Final Report Summary - MITOMAR (The mitochondrial mono-ADP-ribosylation landscape)
The detailed research results (that are being published in the peer-reviewed literature) are summarized below:
By overexpressing a mitochondrially-localized, catalytically-dead ADP-ribose binding mutant macrodomain protein, we found that the turnover of endogenous mono-ADP-ribosylation is important for human mitochondrial morphology, indicating that reversible ADP-ribosylation reactions are required for mitochondrial homeostasis and function. In addition to this cell-biological evidence, we have been able to identify the mitochondrial ADP-ribosyl-proteome in human cells and have started to dissect its biological roles. Specifically, in addition to an already-known ADP-ribosylation-regulated protein, glutamate dehydrogenase, we found several novel ADP-ribosylated proteins, including glutamate pyruvate transaminase and malic enzyme 2, indicating a broad role of ribosylation in glutamate metabolism. In addition, we have purified other metabolic enzymes, broadening the known mitochondrial pathways regulated by mono-ADP-ribosylation. The new ADP-ribosylated targets are currently being analyzed in molecular and mechanistic detail in order to establish and validate the biological role that the ADP-ribosylation of these targets has. In sum, MitoMAR allowed us to define the human mitochondrial ADP-ribosylome, revealing interesting proteins whose ADP-ribosylation-dependent regulation can affect mitochondrial functionality and cellular homeostasis. A manuscript reporting these findings is expected to be prepared toward the end of 2016/beginning of 2017.

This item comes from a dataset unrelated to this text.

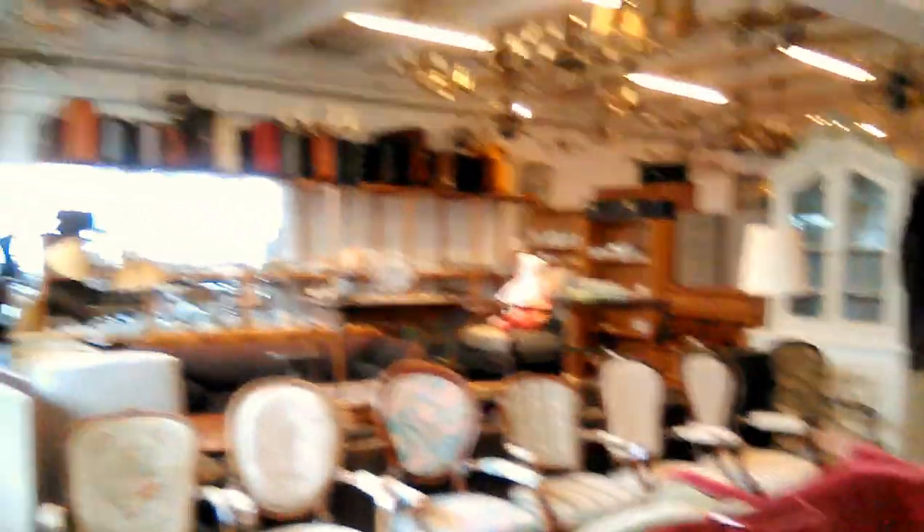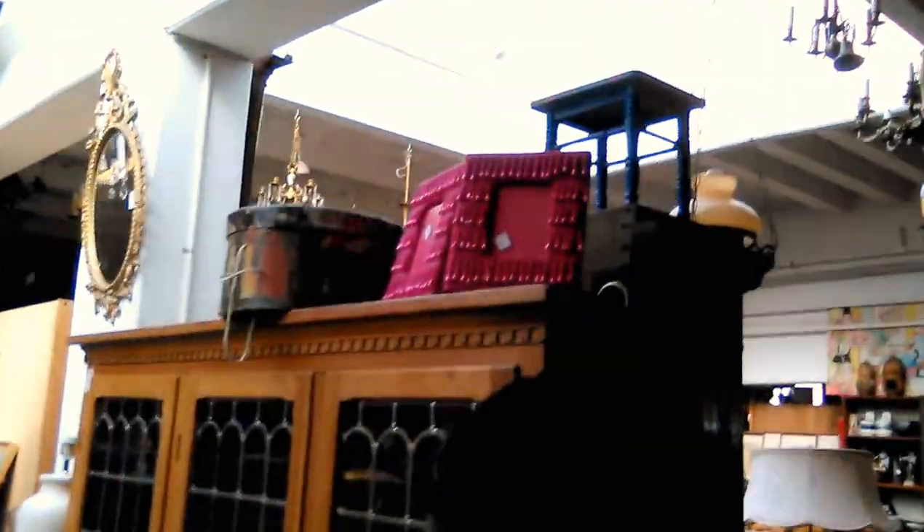Some of the furniture is kind of a little bit worn out. Look at that — that is kind of pretty damaged, but still pretty nice. And that, I think that says 800 kroner, which is close to 150 bucks.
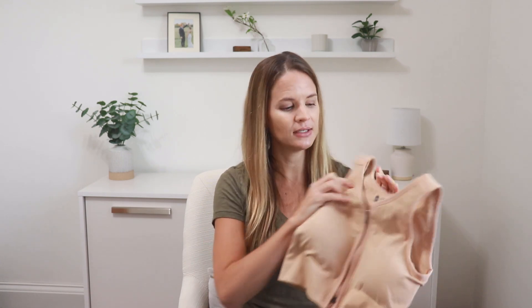They also zip up in the front to make it easier to get on and off, and they also come with an extension piece that you can put on the inside to again adjust for sizing that may fluctuate day to day.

In addition, a collaborative effort with the laboratory of Dr. Dmtri Filippov at the University of Leiden in the Netherlands has been very successful and productive, allowing us to publish a paper in the prestigious chemistry journal Angewandte Chemie (Kistemaker et al., 2016). Our report shows that distinct macrodomain modules display unexpected selectivity toward novel, custom-synthesized mono-ADP-ribosylated-peptides, revealing that the local peptide sequence adjoining the ADP ribosylation site matters for the recognition of ADP-ribosylation signals by macrodomain effector proteins. However, because of technical limitations, the generation of the mono-ADP-ribosylated peptide array has not yet been achieved. As stated in the periodic report, we decided to move towards the synthesis of a ‘clickable handle’ ADP ribose, as alternative of the generation of the mono-ADP-ribosylated array. Although this compound is now “ready to use”, its functionality still needs to be tested. Work is on-going to establish this novel procedure.

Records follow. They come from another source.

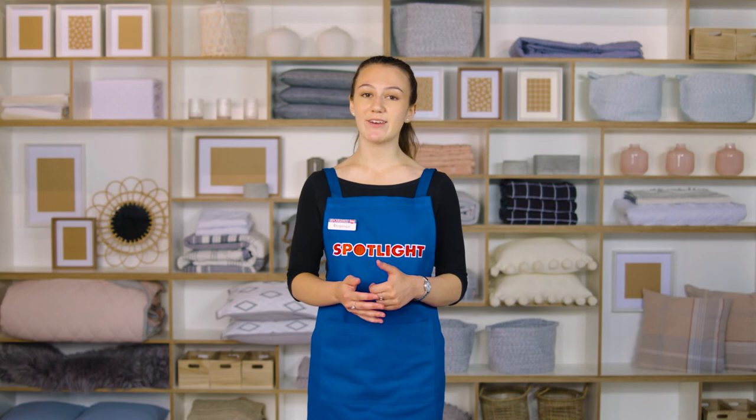Still wondering what the right rug is for your home? Come in store to see the range in person or head online to SpotlightStores.com.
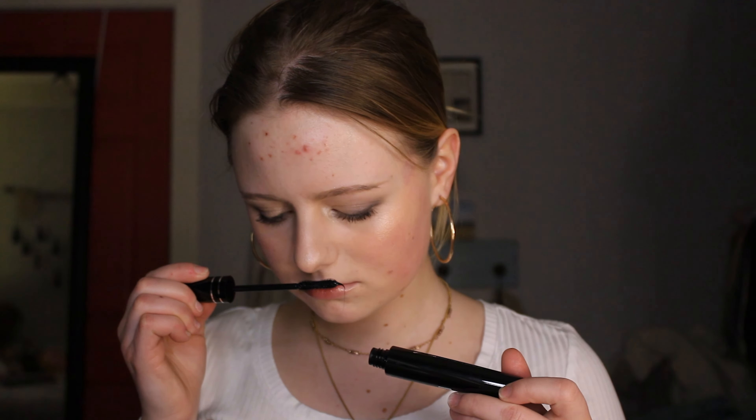I got a mascara and the brand is Billion Dollar Beauty — and this was not a billion dollars. It's called Forever Lash, Black. It smells good. We'll see — once I take off my makeup, I will actually test this out because I don't know about this one.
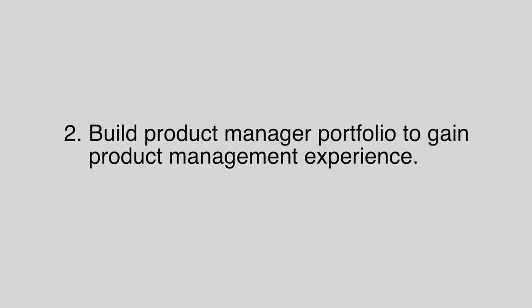Second, you should build a product manager portfolio to gain product management experience. Product manager jobs are experience-based, which means it's all based on your prior experience and how much you have done related to product. Building this portfolio will enable you to capture and identify what you've done before that's relevant to product management. I recommend all my bootcamp students to spend at least 20 hours building a product manager portfolio so that you can digest and learn product management concepts even before you get the job. Once you get the offer, you can immediately hit the ground running.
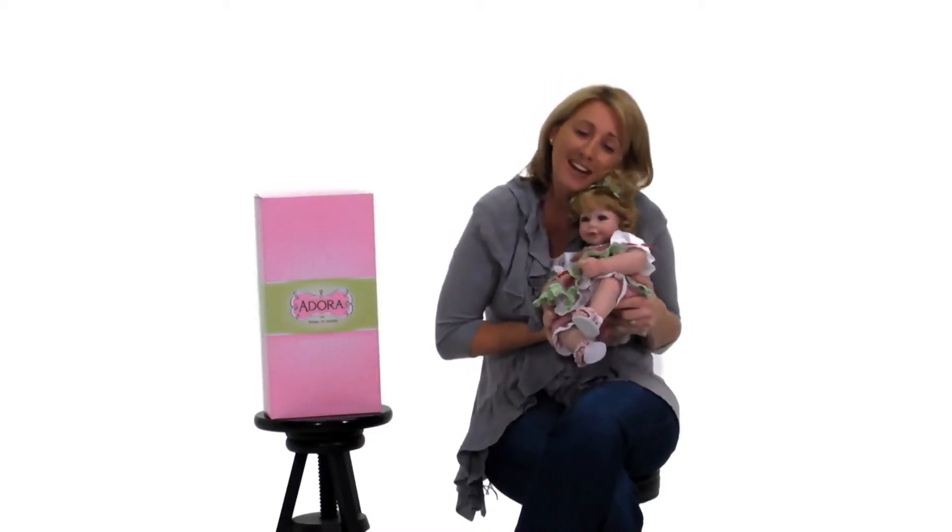And all Adora Babydolls come with a baby diaper just like a real baby doll. And they're nice and soft and cuddly and ready to play. So let's go play.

TRAINING PROGRESS AND ACHIEVEMENTS
In addition to what already described in the periodic report, MitoMAR has been disseminated prior to publication to a specialized research community, through the following actions:
- Invited research talk: EMBL Group Leader Retreat on Current Topics in Cell Biology (04-08 November, 2015). Lake Como, Italy.
- Invited research talk: FASEB Meeting on NAD Metabolism and Signaling (09-14 August 2015). Timmendorfer Strand, Germany.
With regards to research training, I have attended a 2-day “Grant Proposal Writing workshop” (01-02 June 2016) in Munich, Germany.
Further, I have gained valuable teaching experience by partaking in our departmental teaching of biochemistry to 1st year medical students. I took an active role in supervising practical lab courses.
My communication and presentation skills have also sharpened by (i) the weekly meeting with Dr. Ladurner and his team, (ii) the 4-monthly departmental seminars where I have presented on my project and (iii) the 4-monthly departmental journal clubs. Together with a Mini-Review submitted to Molecular Cell, these latter two events have simultaneously aided my writing skills, since each meeting requires the preparation of a timely written summary.
Last but not least, the MitoMAR project has allowed me to build up and maintain strong and direct connections to other leading groups, including those of Matthias Mann (Max Planck Institute for Biochemistry, Munich) and Michael Nielsen (Novo Nordisk Center for Protein Research, Copenhagen), Dmitri Filippov (University of Leiden, Netherlands) and Gianni Cesareni (Rome).